Semantic cache short-circuit

DeepintShield’s semantic cache plugin runs before the guardrails plugin in the request pipeline. When the cache hits — exact match or fuzzy semantic match — the response is served directly and the rest of the pipeline (guards, provider call) is skipped entirely.

On templated/chat workloads, this typically reclaims 30–60% of LLM spend.

Default behavior

On. Semantic lookup sits at sidebar order 4 (before guardrails at order 5). No configuration needed.

The legacy post-guards placement is still available if your workload has very low cache hit rate and the additional vector-search cost on misses outweighs the wins:

DEEPINTSHIELD_SEMANTIC_LOOKUP_AFTER_GUARDS=true  # opt back to legacy order

How it works

Request
  ↓
DirectGate (exact match cache)  ──hit──→  return cached response
  ↓ miss
SemanticLookup (fuzzy match)    ──hit──→  return cached response
  ↓ miss
Guardrails (input)              ──deny──→  guardrail_blocked
  ↓ allow
Provider call                              (real LLM cost incurred)
  ↓
Guardrails (output)
  ↓
Response

A cache hit at either gate stops the pipeline — guards don’t run, the provider isn’t called, and the cached response is returned with the audit metadata it was originally cached with.

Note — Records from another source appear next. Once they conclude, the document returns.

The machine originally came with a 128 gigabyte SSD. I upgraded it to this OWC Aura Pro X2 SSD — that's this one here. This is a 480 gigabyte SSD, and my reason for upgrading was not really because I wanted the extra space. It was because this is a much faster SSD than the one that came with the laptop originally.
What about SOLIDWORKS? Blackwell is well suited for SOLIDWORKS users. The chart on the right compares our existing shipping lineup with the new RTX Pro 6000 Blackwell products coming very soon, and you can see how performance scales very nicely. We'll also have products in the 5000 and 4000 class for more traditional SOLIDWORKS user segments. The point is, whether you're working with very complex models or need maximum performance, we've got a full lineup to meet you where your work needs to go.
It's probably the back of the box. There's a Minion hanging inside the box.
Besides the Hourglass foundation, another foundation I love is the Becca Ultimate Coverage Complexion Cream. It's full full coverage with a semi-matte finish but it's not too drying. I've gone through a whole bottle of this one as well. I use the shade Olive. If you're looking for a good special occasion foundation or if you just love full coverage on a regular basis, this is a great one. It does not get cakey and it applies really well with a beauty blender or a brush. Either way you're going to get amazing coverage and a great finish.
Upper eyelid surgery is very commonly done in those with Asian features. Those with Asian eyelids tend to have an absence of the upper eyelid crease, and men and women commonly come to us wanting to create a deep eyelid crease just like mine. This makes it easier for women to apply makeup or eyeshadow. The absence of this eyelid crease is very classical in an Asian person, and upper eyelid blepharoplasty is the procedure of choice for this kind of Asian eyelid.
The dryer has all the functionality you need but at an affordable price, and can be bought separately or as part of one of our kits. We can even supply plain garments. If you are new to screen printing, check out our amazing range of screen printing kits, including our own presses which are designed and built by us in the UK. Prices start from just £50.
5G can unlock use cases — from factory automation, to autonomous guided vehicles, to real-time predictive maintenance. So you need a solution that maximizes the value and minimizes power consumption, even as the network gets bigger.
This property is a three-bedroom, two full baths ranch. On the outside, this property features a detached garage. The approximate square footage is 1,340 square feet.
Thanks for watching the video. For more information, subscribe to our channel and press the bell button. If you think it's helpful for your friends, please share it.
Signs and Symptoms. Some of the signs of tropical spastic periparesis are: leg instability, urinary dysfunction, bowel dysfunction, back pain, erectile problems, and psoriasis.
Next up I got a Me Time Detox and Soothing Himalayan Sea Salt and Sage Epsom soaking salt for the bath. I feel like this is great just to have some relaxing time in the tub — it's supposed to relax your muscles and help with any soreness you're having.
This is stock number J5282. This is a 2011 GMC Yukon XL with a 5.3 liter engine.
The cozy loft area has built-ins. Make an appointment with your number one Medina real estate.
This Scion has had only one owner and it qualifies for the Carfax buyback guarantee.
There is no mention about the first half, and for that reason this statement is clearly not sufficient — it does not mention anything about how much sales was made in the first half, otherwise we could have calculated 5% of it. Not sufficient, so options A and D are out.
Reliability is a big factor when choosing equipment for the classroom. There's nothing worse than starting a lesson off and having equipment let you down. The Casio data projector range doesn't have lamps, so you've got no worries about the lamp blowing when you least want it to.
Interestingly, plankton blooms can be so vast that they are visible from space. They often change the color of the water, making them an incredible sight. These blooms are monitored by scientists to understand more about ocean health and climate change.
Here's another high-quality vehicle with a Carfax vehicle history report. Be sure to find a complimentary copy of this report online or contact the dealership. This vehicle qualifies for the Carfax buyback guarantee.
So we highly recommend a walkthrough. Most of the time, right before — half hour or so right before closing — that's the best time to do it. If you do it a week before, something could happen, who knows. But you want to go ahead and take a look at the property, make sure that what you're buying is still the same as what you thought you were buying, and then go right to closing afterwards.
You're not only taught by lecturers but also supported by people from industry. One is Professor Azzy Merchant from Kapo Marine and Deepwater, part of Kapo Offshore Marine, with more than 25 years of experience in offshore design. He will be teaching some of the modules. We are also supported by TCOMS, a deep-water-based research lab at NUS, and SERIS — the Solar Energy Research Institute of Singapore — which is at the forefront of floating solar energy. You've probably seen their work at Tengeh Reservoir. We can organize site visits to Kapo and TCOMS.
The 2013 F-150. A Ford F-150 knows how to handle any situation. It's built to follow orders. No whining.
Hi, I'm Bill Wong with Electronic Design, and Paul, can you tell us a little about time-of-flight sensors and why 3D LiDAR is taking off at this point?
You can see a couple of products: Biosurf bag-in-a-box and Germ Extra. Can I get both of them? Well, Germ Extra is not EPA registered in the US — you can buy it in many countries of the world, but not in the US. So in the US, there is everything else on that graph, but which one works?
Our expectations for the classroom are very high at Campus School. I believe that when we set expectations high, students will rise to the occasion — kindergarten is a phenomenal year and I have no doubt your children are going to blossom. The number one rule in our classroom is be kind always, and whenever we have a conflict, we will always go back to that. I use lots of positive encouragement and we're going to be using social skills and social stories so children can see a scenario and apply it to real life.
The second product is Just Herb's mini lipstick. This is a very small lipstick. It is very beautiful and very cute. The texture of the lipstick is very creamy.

Why a cache hit is safe to skip guards

The cached response was already verdict-checked when it was first stored. The cache key includes the policy version, so a policy roll invalidates the cache automatically — you can never serve a response that wouldn’t pass current guardrails.

Realistic cost reduction

Workload	Typical hit rate	Cost saved
FAQ bot, customer support templates	40–60%	~50%
Internal copilot, repeated dev questions	25–40%	~30%
Long-form RAG, ad-hoc creative prompts	5–15%	~10%
Streaming code completion	`<5%`	Minimal

The cache is opt-in per workspace via the Cost Optimization settings — you can also disable it for VKs that must hit the model every time (e.g. fresh research queries).